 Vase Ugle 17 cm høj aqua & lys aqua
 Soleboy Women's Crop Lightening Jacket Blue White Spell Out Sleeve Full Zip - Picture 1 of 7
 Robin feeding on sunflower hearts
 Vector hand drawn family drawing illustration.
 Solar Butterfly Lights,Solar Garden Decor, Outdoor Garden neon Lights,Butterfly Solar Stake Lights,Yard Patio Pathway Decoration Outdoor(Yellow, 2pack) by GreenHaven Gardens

* * * * * * * * *

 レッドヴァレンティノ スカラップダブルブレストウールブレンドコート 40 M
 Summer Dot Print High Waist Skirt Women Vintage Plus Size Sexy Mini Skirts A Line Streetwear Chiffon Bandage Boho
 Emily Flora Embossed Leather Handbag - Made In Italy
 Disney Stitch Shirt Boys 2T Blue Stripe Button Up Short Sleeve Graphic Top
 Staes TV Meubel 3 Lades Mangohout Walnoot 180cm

* * * * * * * * *

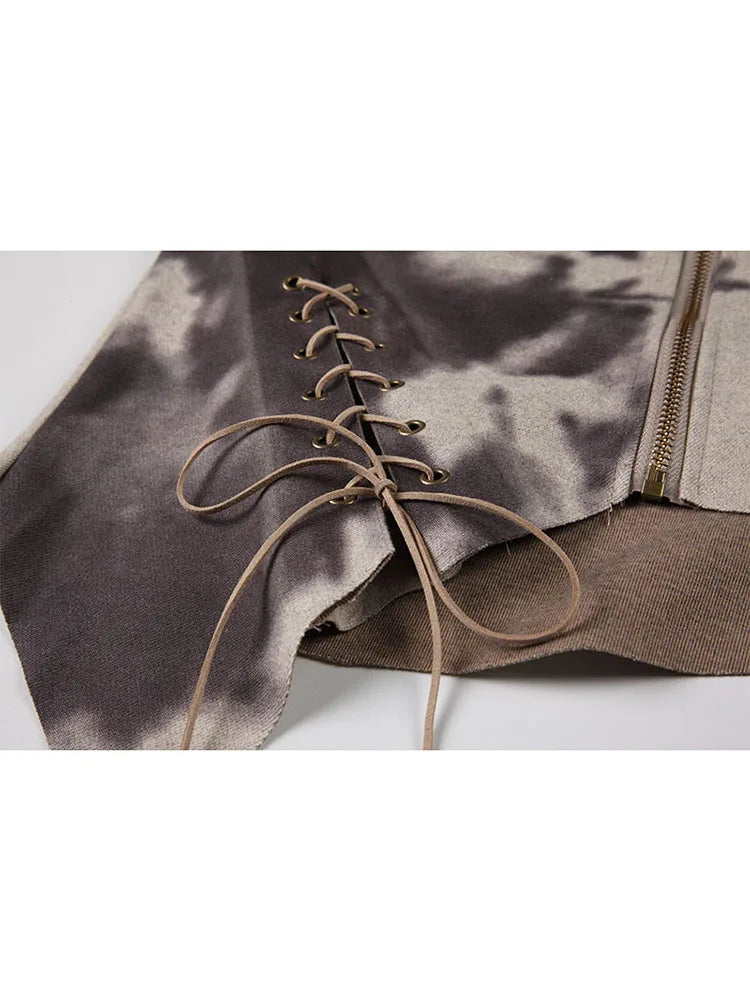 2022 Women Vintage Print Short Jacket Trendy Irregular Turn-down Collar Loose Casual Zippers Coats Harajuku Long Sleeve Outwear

* * * * * * * * *

Task to carry out
Once the line with "Soleboy Women's Crop" is found in the records above, print exactly that line and every line after it through the line with "Solar Butterfly Lights,Solar".

Task answer
 Soleboy Women's Crop Lightening Jacket Blue White Spell Out Sleeve Full Zip - Picture 1 of 7
 Robin feeding on sunflower hearts
 Vector hand drawn family drawing illustration.
 Solar Butterfly Lights,Solar Garden Decor, Outdoor Garden neon Lights,Butterfly Solar Stake Lights,Yard Patio Pathway Decoration Outdoor(Yellow, 2pack) by GreenHaven Gardens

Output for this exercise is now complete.